- Outfielder
- Born: September 14, 1934 New Bern, North Carolina, U.S.
- Died: July 2, 2017 (aged 82) New Bern, North Carolina, U.S.
- Batted: RightThrew: Right

MLB debut
- May 17, 1963, for the Los Angeles Angels

Last MLB appearance
- October 3, 1964, for the Los Angeles Angels

MLB statistics
- Batting average: .266
- Home runs: 6
- Runs batted in: 30
- Stats at Baseball Reference

Teams
- Los Angeles Angels (1963–1964);

= Bob Perry (baseball) =

American baseball player (1934-2017)

Melvin Gray "Bob" Perry (September 14, 1934 – July 2, 2017) was an American professional baseball player who appeared in 131 games over parts of two seasons for the – Los Angeles Angels of Major League Baseball. An outfielder, Perry was born in New Bern, North Carolina, where he graduated from high school; he threw and batted right-handed, stood 6 ft 2 in tall and weighed 180 lb.

Perry signed with the New York Giants in 1953, but spent a decade in the club's farm system—never reaching the major leagues—until the relocated San Francisco Giants sold his contract to the Angels on May 16, 1963. Along the way, Perry had one season of 30 home runs, and four campaigns of 20 or more long balls.

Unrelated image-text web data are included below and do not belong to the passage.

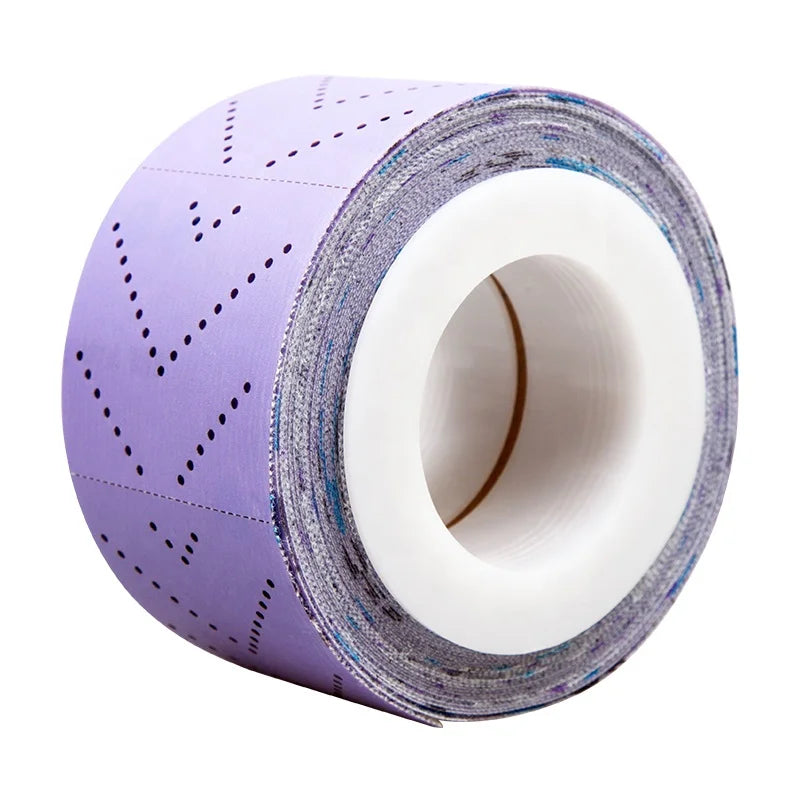 Square Hand Torn Sandpaper Roll Emery Cloth 80 Grit Three-in-one 70mm/12m Purple
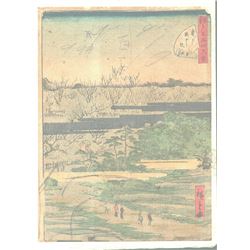 Original Hiroshige II (1826 - 1869) Japanese Woodblock Print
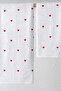 New Year's Gift Heart Embroidered 100% Cotton Gift Boxed Bath Towel Set (70X140 + 50X90 cm) Dowry & Gift Double Set - 8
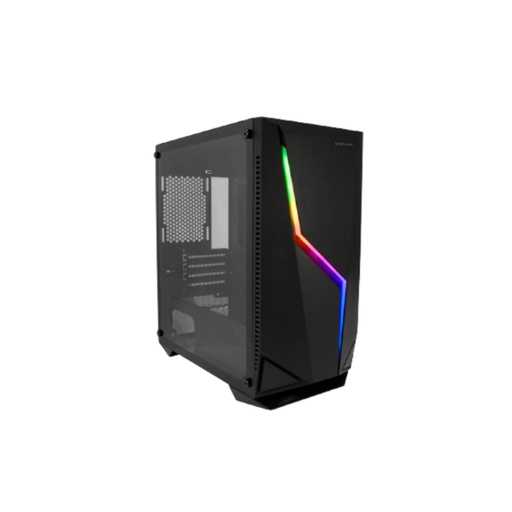 [40716] CAJA MICROATX M235 FA/650W NEGRO RGB DEEPGAMING
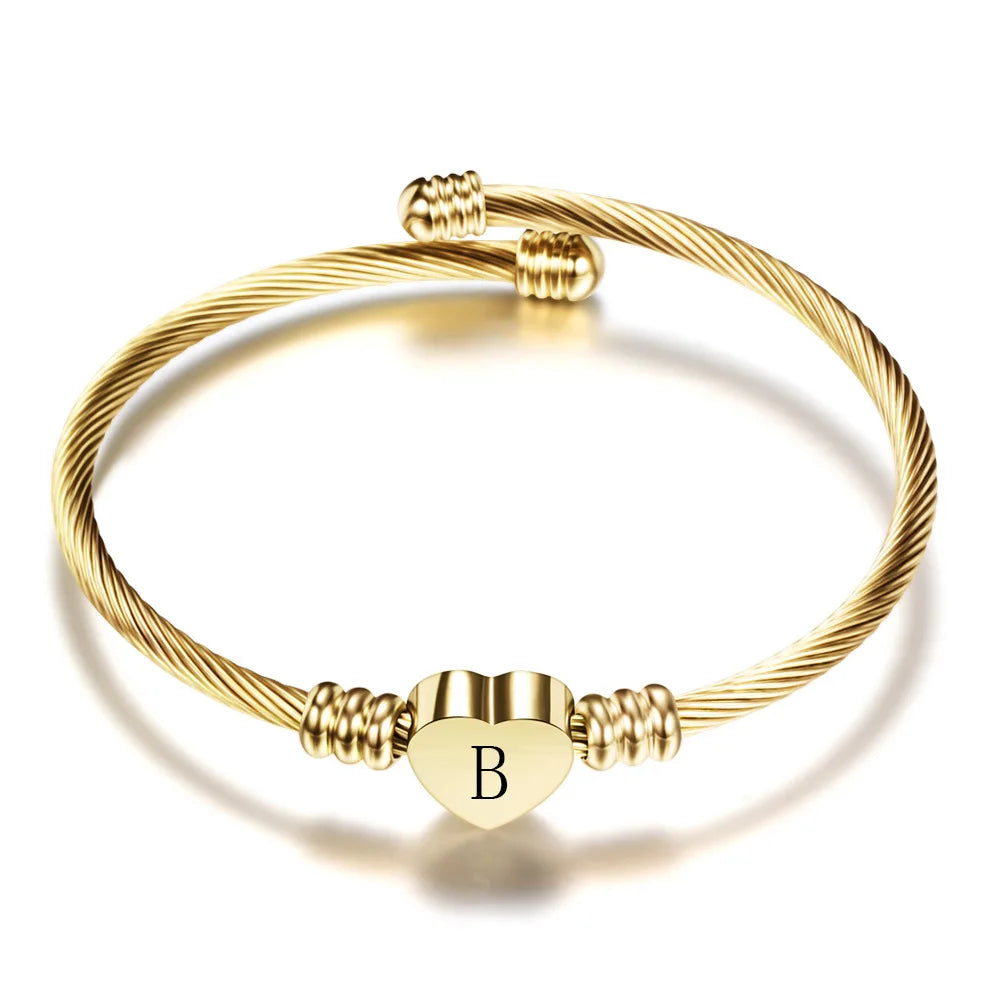Mothers Day Initial Bracelet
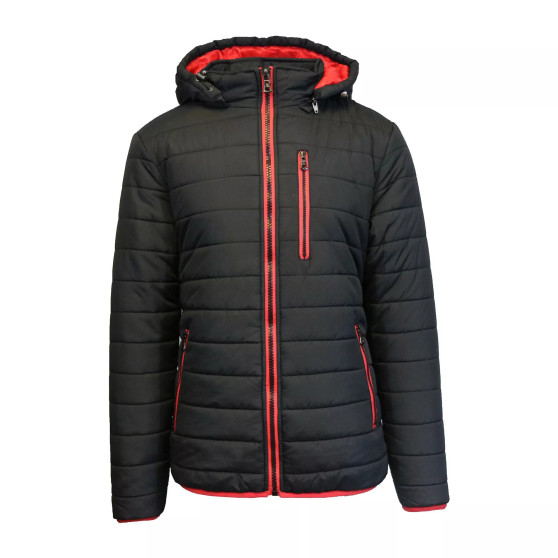 Spire By Galaxy Men's Puffer Bubble Jacket with Contrast Trim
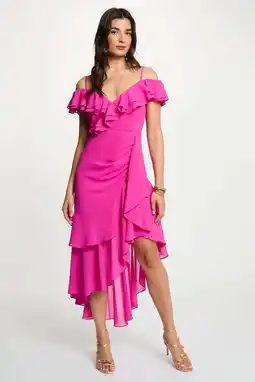 Wehkamp Morgan jurk fuchsia aanbieding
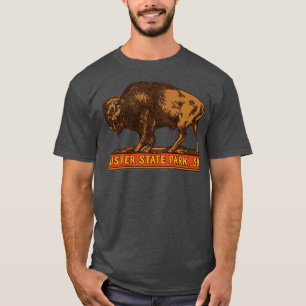 Custer State Park Vintage Büffel Souvenir T-Shirt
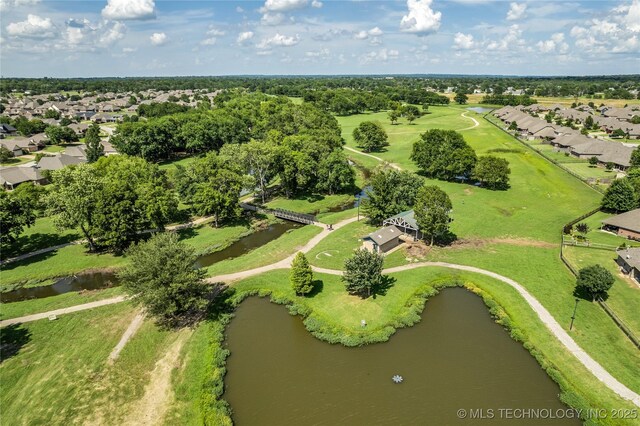 14900 E 88th St N, Owasso, OK 74055 - aerial perspective of suburban area featuring a nearby body of water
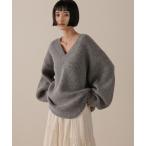 ニット セーター アゼＶチュニックニット  605701 レディース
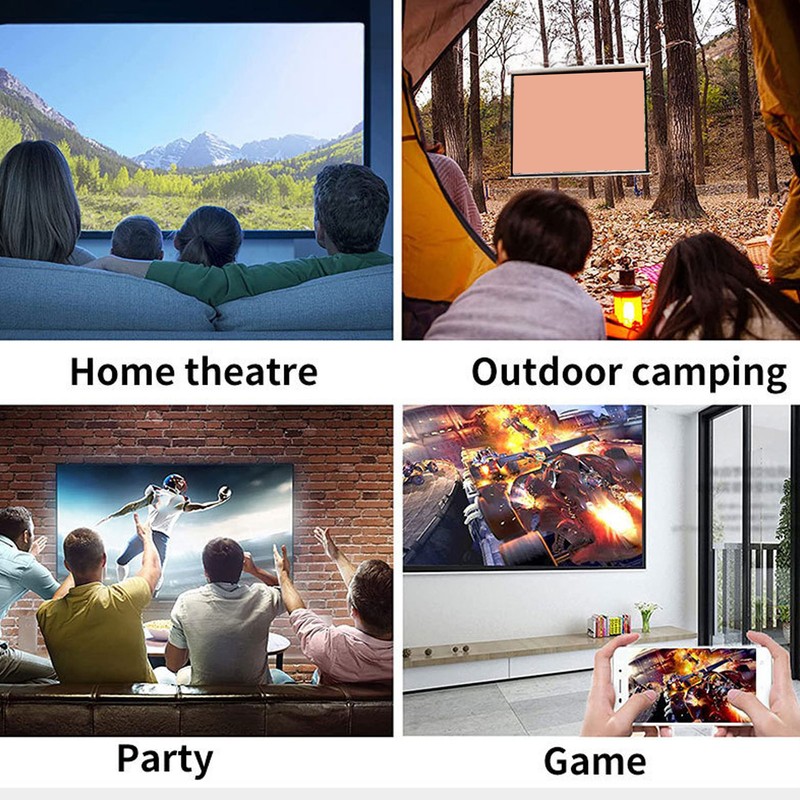 Small Projector 600ASIN Remote Control Portable Movie Projector with USB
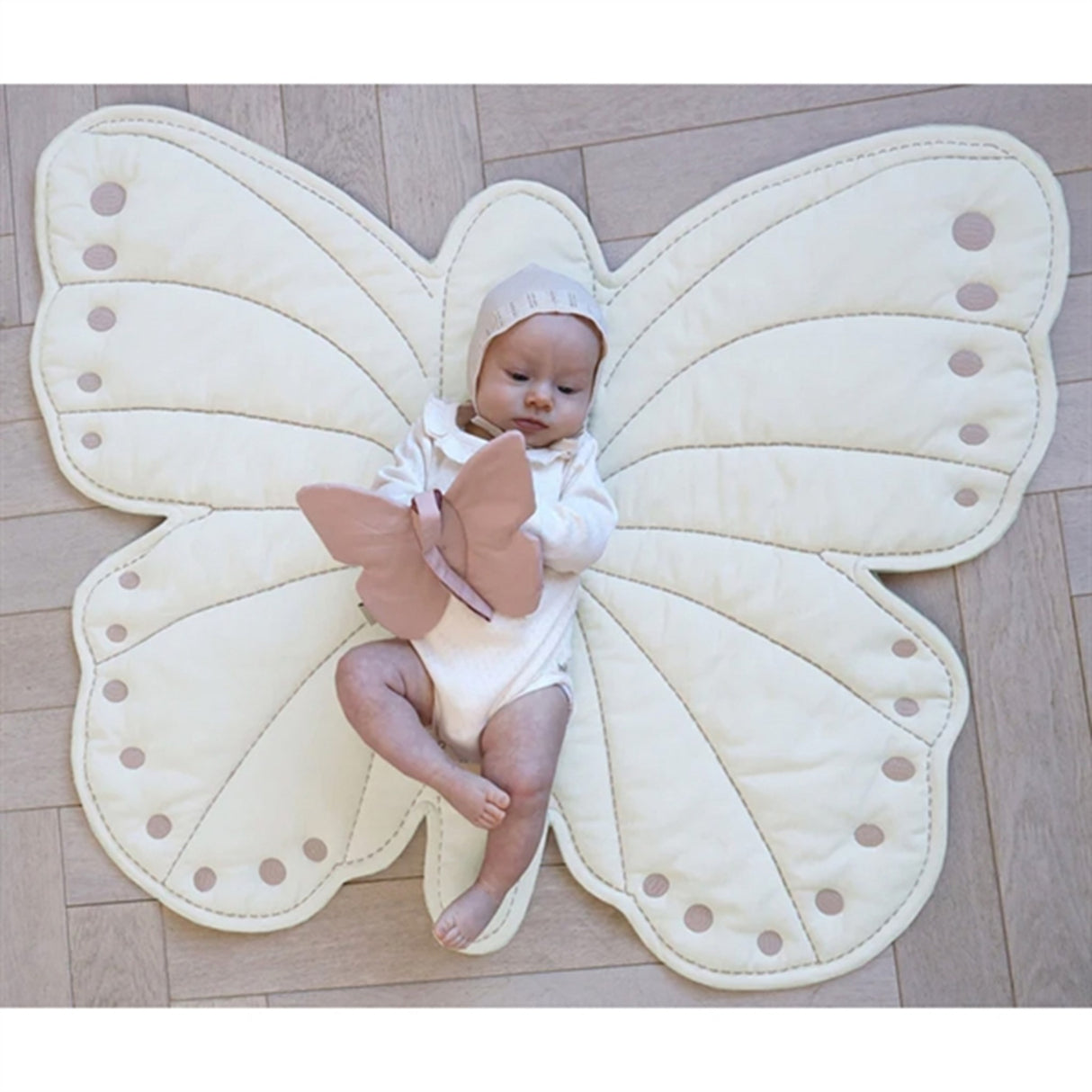 Cam Cam Copenhagen Butterfly Playmat Off White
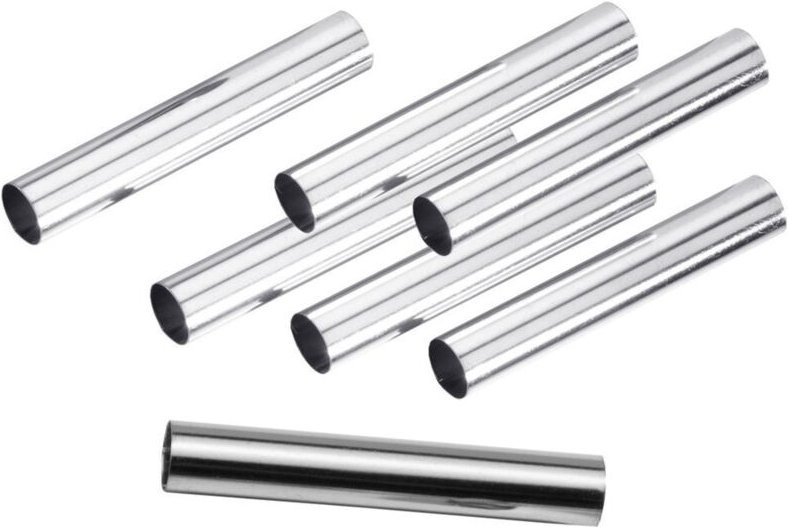 Set of 30 molds for cream rolls - chrome plated metal 88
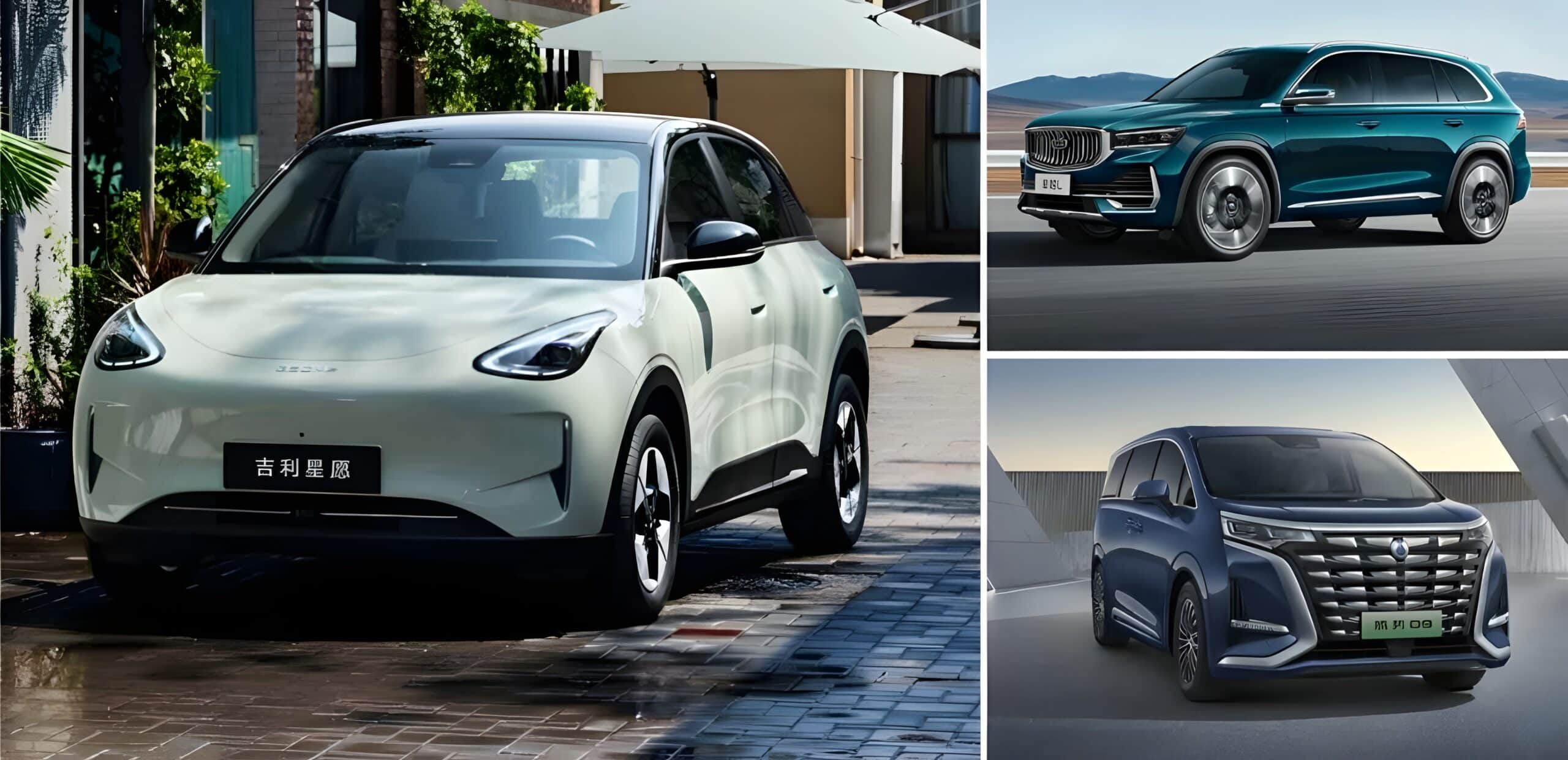 Best-selling sedan, SUV, and MPV in China in 2024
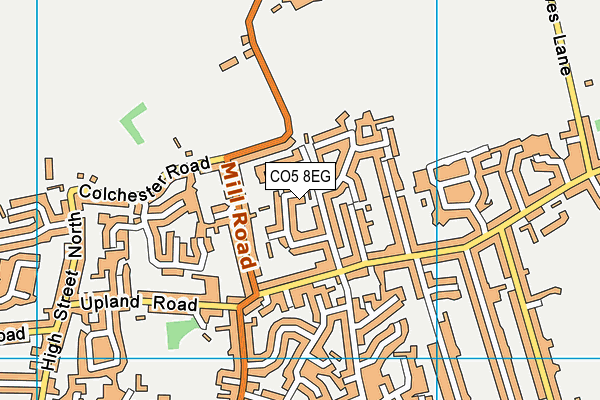 CO5 8EG map - OS VectorMap District (Ordnance Survey)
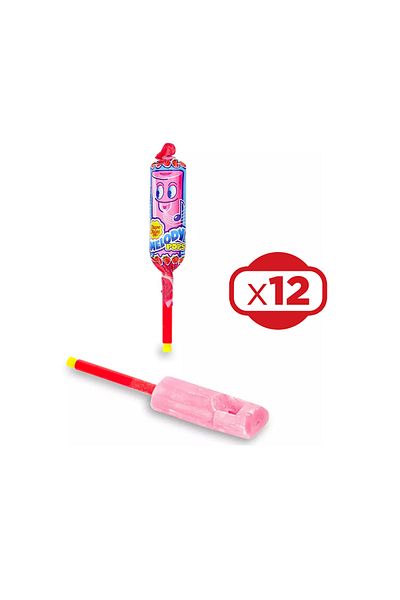 Chupa Chups Melody Pops Strawberry 15 g X 12 Pressure Candy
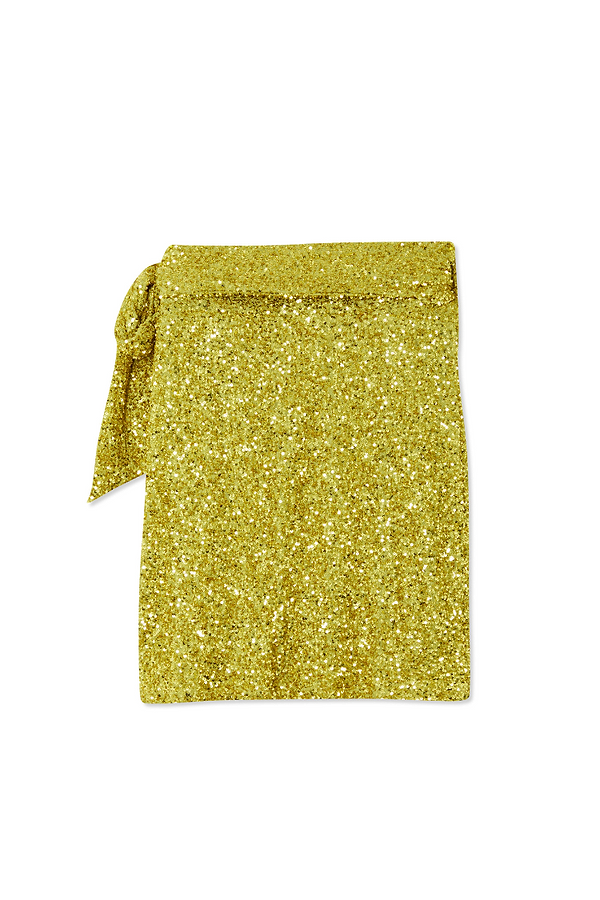 Glitter yellow skirt shop
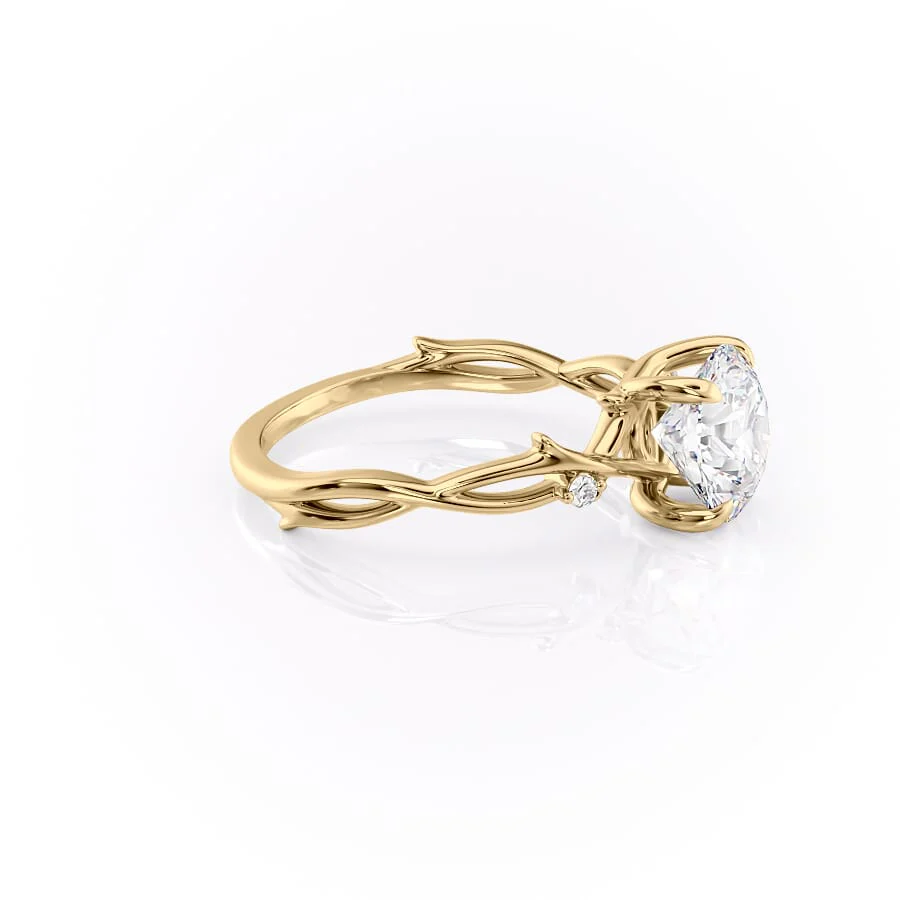 2.50 CT Round The Twig Engagement Ring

The Angels immediately plugged Perry into their starting lineup at Yankee Stadium on May 17, 1963, and the 28-year-old rookie went one for four against Jim Bouton in a 4–3 loss. Perry got into 61 contests for the 1963 Angels, starting 23 games as the club's right fielder and 19 more as its center fielder. He batted .253 with 42 hits. In 1964, Perry appeared in 70 games, 55 as the starting center fielder, and improved his production to .276 in 221 at bats. He also spent part of the year at Triple-A Hawaii.

But 1964 was Perry's last MLB season. On February 1, 1965, the Angels traded him to the Pittsburgh Pirates for infielder Julio Gotay, and Perry spent the remainder of his pro career in the minors, where he hit over 200 lifetime home runs. He retired in 1970 as he neared his 36th birthday.

As a big-leaguer, Bob Perry collected 103 total hits, with 17 doubles and one triple to go along with his six home runs; he had 30 career runs batted in. During his brief MLB career, Perry had three three-hit games. On July 15, 1964, in the second game of a twi-night doubleheader, he had three hits and a base on balls in four plate appearances against the Detroit Tigers at Dodger Stadium; his solo home run in the eighth inning off Phil Regan provided the winning margin for eventual 1964 Cy Young Award-winner Dean Chance in a 1–0 Angel victory.

Perry died in New Bern on July 2, 2017.